# Activity
This task calls for printing every entry exactly.

Short descriptive text snippets
-*-

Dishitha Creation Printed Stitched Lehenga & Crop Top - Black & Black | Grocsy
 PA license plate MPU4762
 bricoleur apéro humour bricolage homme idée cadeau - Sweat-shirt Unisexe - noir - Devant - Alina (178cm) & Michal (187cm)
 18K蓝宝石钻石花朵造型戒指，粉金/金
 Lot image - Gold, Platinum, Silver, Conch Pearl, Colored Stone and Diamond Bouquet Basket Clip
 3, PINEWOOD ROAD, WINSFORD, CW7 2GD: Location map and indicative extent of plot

-*-

# Your solution
Dishitha Creation Printed Stitched Lehenga & Crop Top - Black & Black | Grocsy
 PA license plate MPU4762
 bricoleur apéro humour bricolage homme idée cadeau - Sweat-shirt Unisexe - noir - Devant - Alina (178cm) & Michal (187cm)
 18K蓝宝石钻石花朵造型戒指，粉金/金
 Lot image - Gold, Platinum, Silver, Conch Pearl, Colored Stone and Diamond Bouquet Basket Clip
 3, PINEWOOD ROAD, WINSFORD, CW7 2GD: Location map and indicative extent of plot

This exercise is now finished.